If you woke up one morning to find yourself changed in your bed into a monstrous, bug-like vermin, what would be your primary concern?
I just read Franz Kafka's Metamorphosis. If you haven't guessed, it's about this guy that wakes up one morning to discover that he's transmogrified into a giant bug. Although the story is not a feel-good one, I found Gregor's initial reaction to his change kind of funny.
*Beware the spoilers*
His initial reaction and biggest concern is to worry about getting to work on time. Now, I think you should be able to agree with me that this is a completely unreasonable fear. Granted, Gregor may have had a strict, verging on slave-driver, boss, but even evil movie villains consider transmogrification a legitimate reason to stay home from work.
Take Yzma from The Emperor's New Groove, for example. When her goon is turned into a cow and, as a result, asks to go home, she agrees that he may leave, despite being caught in the middle of a chase. She then offers to let his coworkers, who have also been turned into various creatures, follow suit.
Apparently Gregor Samsa never had the chance to see this movie.
Now, Calvin from Calvin and Hobbes seems intrigued by the idea of turning into a bug (I wonder if he read Kafka's story), and he goes so far as to make "bug" one of the four options on his transmogrifier. In his own words, "Just think! With the push of a button, you could be a 500-storey gastropod - a slug, the size of the Chrysler building!" Hobbes replies, "Gosh, how can I refuse?"
However, while Calvin does at one point turn his duplicates into worms, he never attempts to turn himself into a bug, opting instead for a tiger. This decision was probably a good choice. As stated before, things don't turn out too well for Gregor. While it initially looks like his sister, at least, will eventually get used to and accept his being a giant vermin, she ends up suggesting to the rest of their family that they "get rid of" him. His father throws fruit at him, which permanently maims him. His mother shrieks and nearly faints every time she sees him. And then Gregor basically says, "hang it all, they're right, this sucks for everyone" and dies.

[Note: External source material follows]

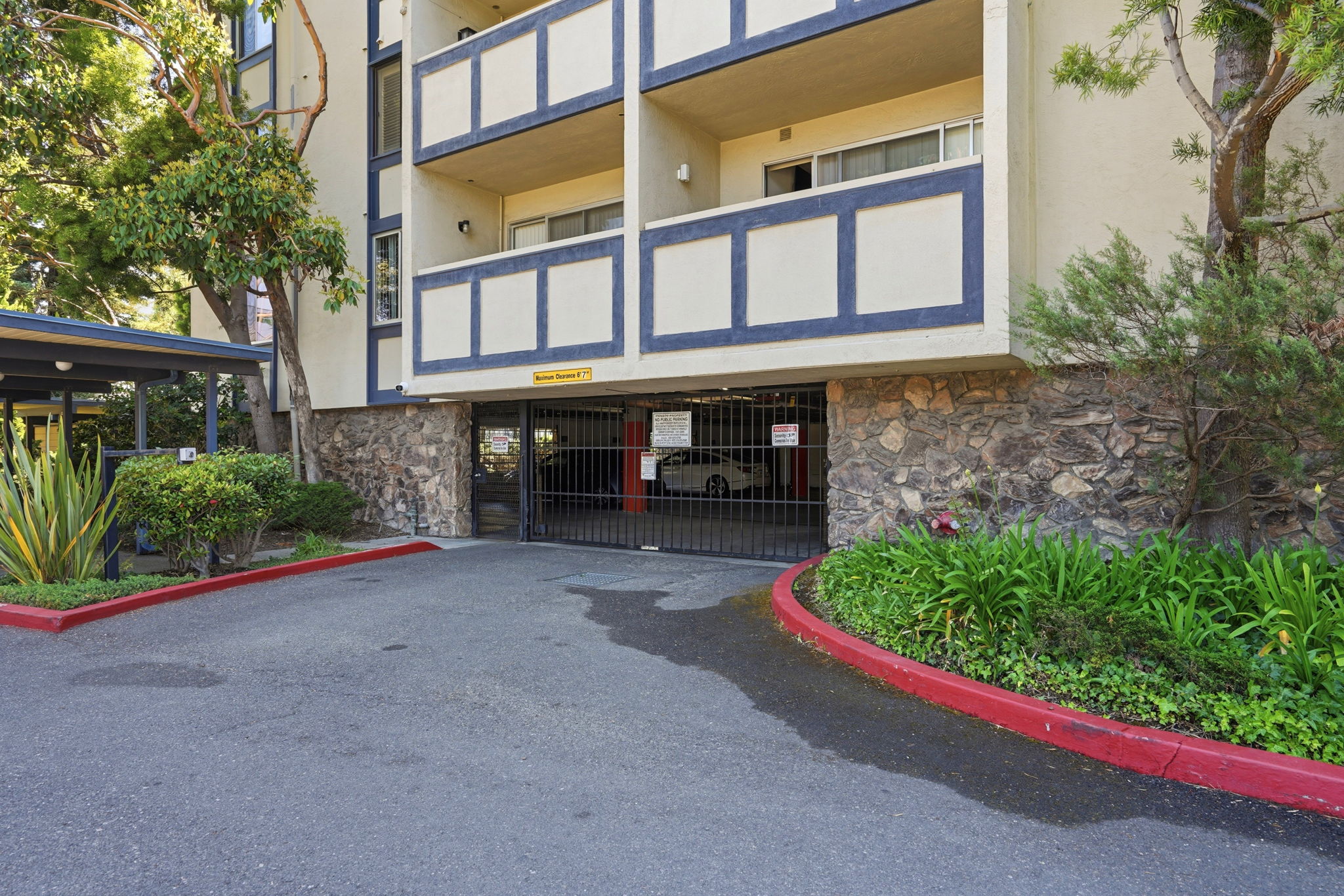 031_F8_955 Shorepoint Ct 208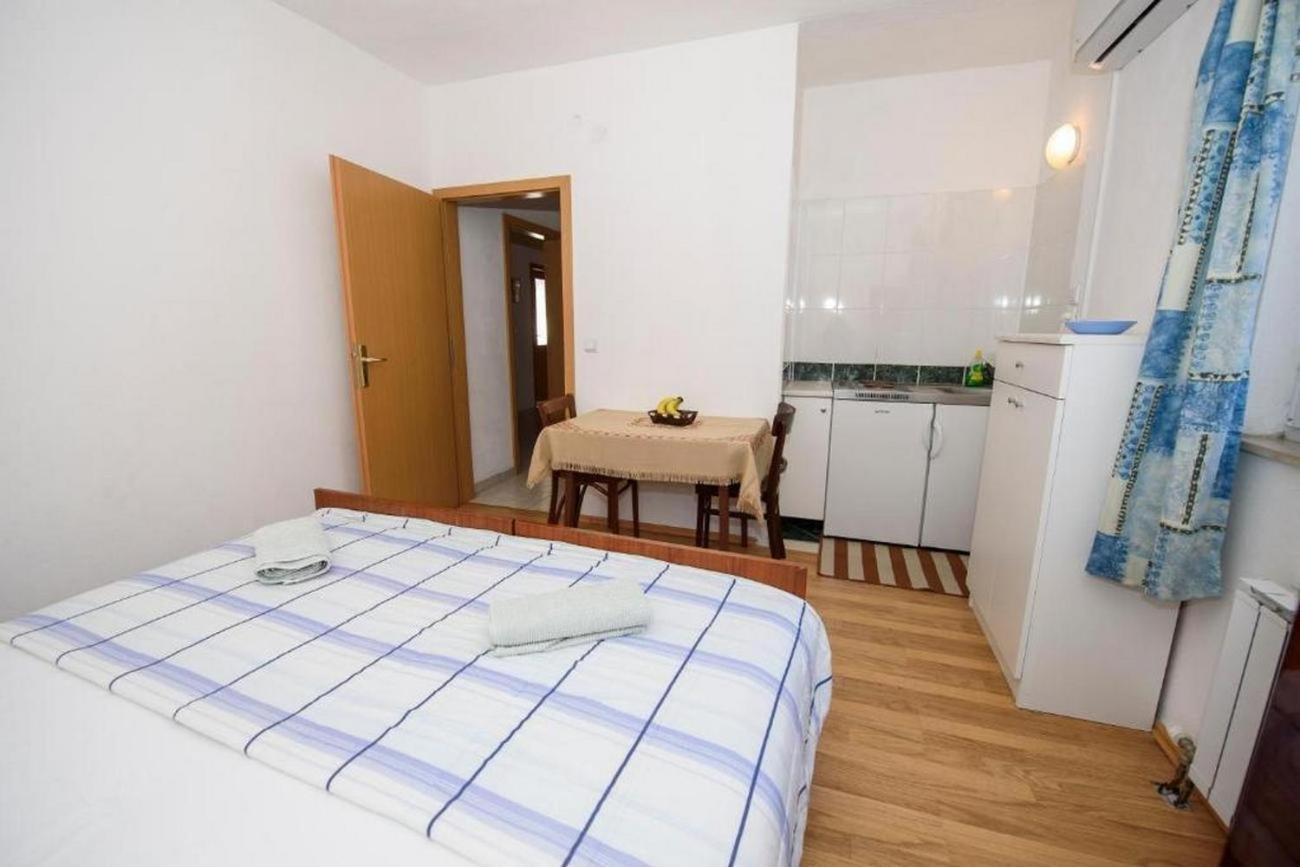 Apartments By The Sea Suhi Potok, Omis - 14555 예세니체 객실 사진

In real life, I would probably not treat most shape-shifters very well, either. Not because I don't enjoy talking to animals, but because I would be terrified that every animal crossing my path is either a voyeuristic creep or a spy for some organization out to get me. Not everyone has this paranoia. In Space 1999, the other characters always treat Maya like Maya, despite whatever poorly-suited-for-the-situation creature she's decided to turn into. When somebody is trying to kill her and she turns into a caterpillar for the occasion, Tony tries his hardest to save her. But would he have been that generous if there were no foreseeable future wherein the caterpillar turns back into humanoid Maya again?
The Metamorphosis is all about isolation, and what it does to a person. Even though Gregor is still Gregor on the inside, if not on the outside, he becomes more bestial and brutish in his thinking as the story goes on, or at least less civilized and decent. While the literal giant vermin picture makes everything more curious and even oddly funny, it makes you ponder who we treat as non-literal giant vermin, and who else we would treat as vermin with just a change or two in the situation.
It's short, easy to read, and good food for thought.
Possibly my favourite (understated) lines in the book:
"At the moment he was lying on the carpet, and no one knowing his condition could seriously have expected him to let the manager in."
"He was eager to find out what the others [in his family], who were now so anxious to see him, would say at the sight of him. If they were shocked, then Gregor had no further responsibility [to go to work] and could be calm. But if they took everything calmly, then he, too, had no reason to get excited and could, if he hurried, actually be at the station by eight o'clock."